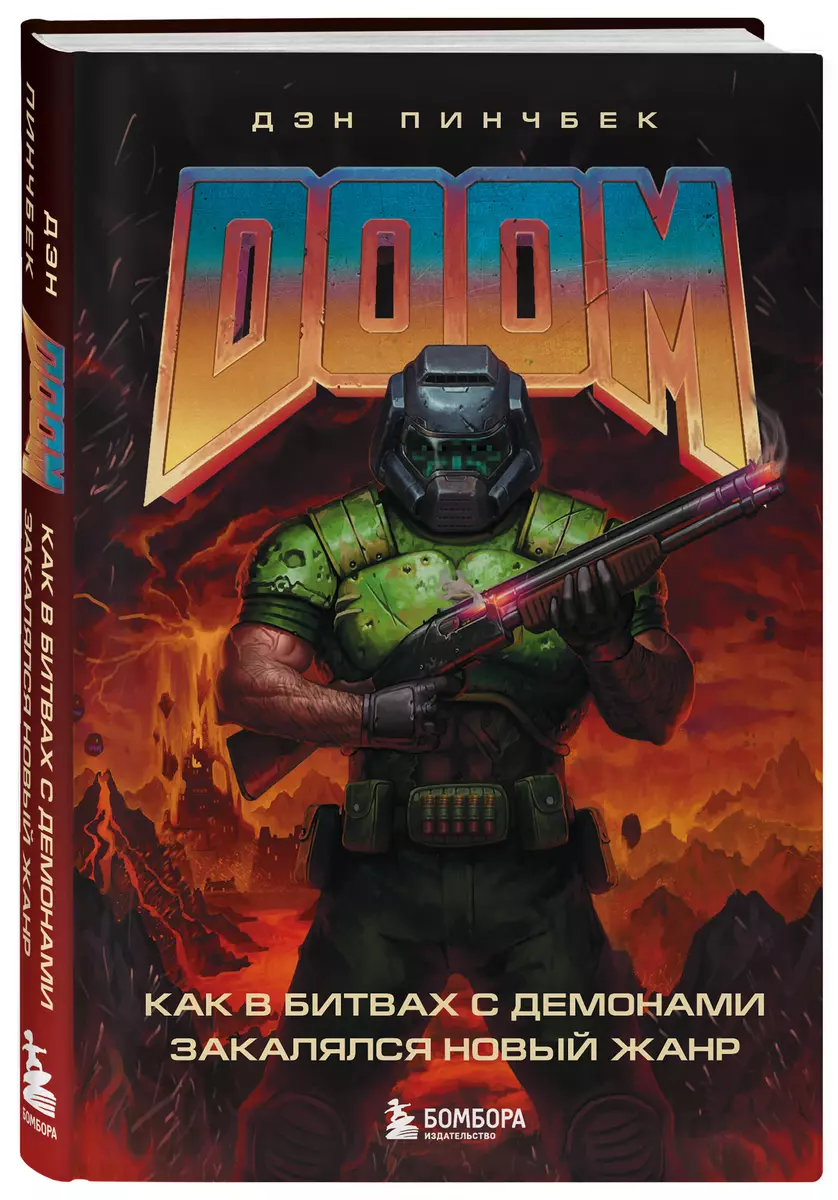 DOOM. Как в битвах с демонами закалялся новый жанр (Дэн Пинчбек) - купить  книгу с доставкой в интернет-магазине «Читай-город». ISBN: 978-5-04-114255-1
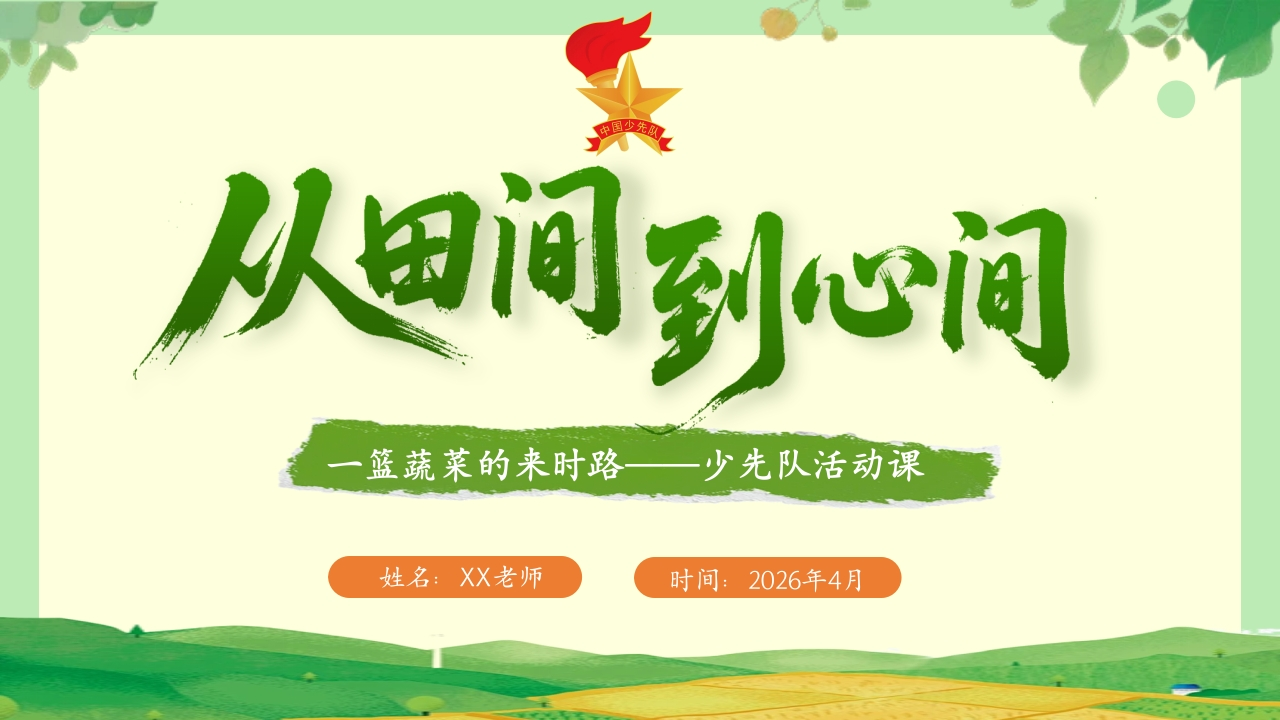 少先队活动课：从田间，到心间——一篮蔬菜的来时路-教务资料网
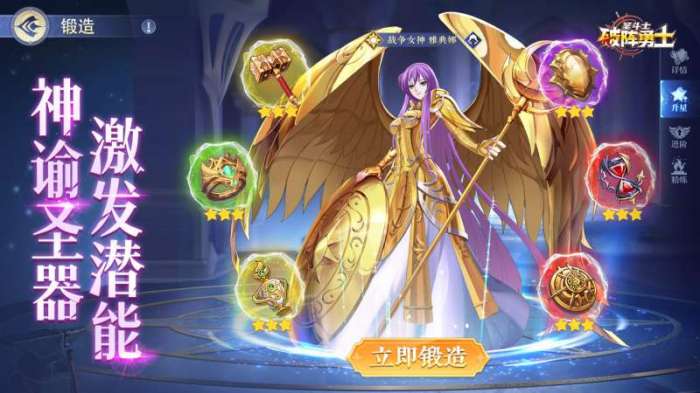 破阵勇士图5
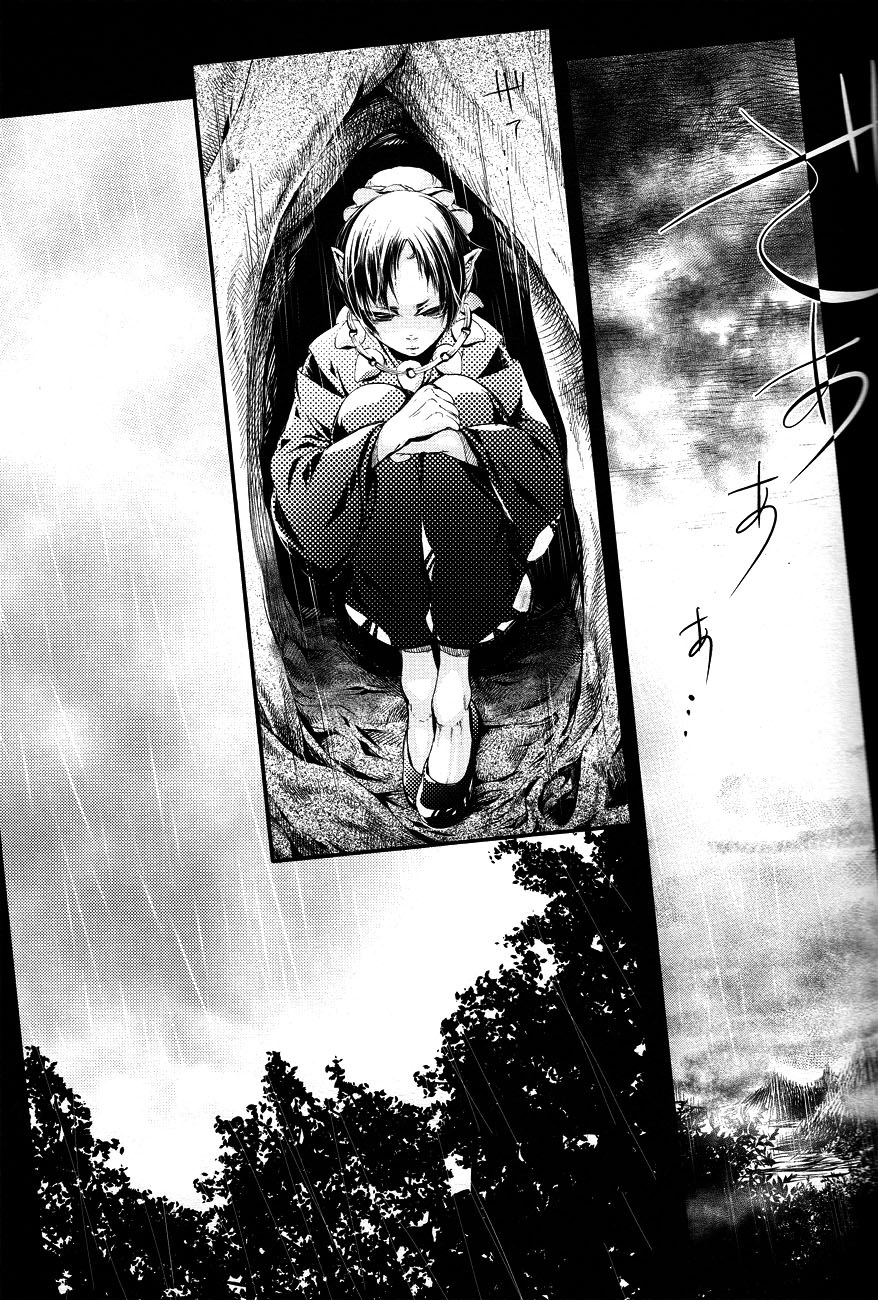 (C83) [Acacia (Oono)] Hana Uta - Zenpen - (Hoozuki no Reitetsu) [English] [MOY Moe Scanlations] page 3 full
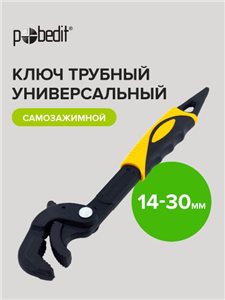 Ключ трубный Pobedit универсальный самозажимной. 14-30мм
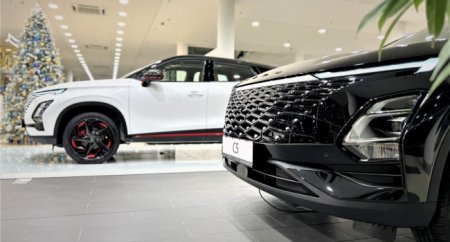 Особая версия кроссовера Omoda C5 для России получит новое название - «Новостной Автоблогер»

* Task to carry out *
An exact copy of the lines from the one with "少先队活动课：从田间，到心间——一篮蔬菜的来时路-教务资料网" through the last line of the records, inclusive, is required, with all pictures left out.

* Exercise output *
 少先队活动课：从田间，到心间——一篮蔬菜的来时路-教务资料网
 破阵勇士图5
 (C83) [Acacia (Oono)] Hana Uta - Zenpen - (Hoozuki no Reitetsu) [English] [MOY Moe Scanlations] page 3 full
 Ключ трубный Pobedit универсальный самозажимной. 14-30мм
 Особая версия кроссовера Omoda C5 для России получит новое название - «Новостной Автоблогер»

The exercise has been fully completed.